╔══

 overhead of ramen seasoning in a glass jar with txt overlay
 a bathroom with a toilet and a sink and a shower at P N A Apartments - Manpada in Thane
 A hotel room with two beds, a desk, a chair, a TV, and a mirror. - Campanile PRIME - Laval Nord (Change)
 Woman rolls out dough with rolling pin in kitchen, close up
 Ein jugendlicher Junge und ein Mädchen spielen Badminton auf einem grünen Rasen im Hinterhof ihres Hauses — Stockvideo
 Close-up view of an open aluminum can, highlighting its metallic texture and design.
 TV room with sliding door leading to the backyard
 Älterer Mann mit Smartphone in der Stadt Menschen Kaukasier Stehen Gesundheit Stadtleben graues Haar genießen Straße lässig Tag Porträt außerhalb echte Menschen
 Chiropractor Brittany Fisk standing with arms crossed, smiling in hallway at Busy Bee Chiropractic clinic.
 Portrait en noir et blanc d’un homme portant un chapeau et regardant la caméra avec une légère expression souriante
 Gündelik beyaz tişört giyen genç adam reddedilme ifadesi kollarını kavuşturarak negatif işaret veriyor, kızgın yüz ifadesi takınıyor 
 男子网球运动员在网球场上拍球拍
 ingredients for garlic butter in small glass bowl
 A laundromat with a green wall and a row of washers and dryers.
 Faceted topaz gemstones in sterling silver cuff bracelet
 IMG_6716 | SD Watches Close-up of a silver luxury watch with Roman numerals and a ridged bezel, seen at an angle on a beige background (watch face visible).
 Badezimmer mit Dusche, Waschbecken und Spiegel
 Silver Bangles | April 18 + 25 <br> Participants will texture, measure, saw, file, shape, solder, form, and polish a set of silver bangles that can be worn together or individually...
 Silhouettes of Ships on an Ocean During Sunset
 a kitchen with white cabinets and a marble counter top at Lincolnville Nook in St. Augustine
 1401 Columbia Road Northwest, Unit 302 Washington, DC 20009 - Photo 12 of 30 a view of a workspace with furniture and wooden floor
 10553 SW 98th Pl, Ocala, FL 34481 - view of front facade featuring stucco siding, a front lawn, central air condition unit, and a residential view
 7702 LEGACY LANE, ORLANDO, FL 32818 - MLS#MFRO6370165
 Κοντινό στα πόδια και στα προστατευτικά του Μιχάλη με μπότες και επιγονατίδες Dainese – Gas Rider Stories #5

╚══

Begin at the line containing "Faceted topaz gemstones" and reproduce each line through the end of the records above.

 Faceted topaz gemstones in sterling silver cuff bracelet
 IMG_6716 | SD Watches Close-up of a silver luxury watch with Roman numerals and a ridged bezel, seen at an angle on a beige background (watch face visible).
 Badezimmer mit Dusche, Waschbecken und Spiegel
 Silver Bangles | April 18 + 25 <br> Participants will texture, measure, saw, file, shape, solder, form, and polish a set of silver bangles that can be worn together or individually...
 Silhouettes of Ships on an Ocean During Sunset
 a kitchen with white cabinets and a marble counter top at Lincolnville Nook in St. Augustine
 1401 Columbia Road Northwest, Unit 302 Washington, DC 20009 - Photo 12 of 30 a view of a workspace with furniture and wooden floor
 10553 SW 98th Pl, Ocala, FL 34481 - view of front facade featuring stucco siding, a front lawn, central air condition unit, and a residential view
 7702 LEGACY LANE, ORLANDO, FL 32818 - MLS#MFRO6370165
 Κοντινό στα πόδια και στα προστατευτικά του Μιχάλη με μπότες και επιγονατίδες Dainese – Gas Rider Stories #5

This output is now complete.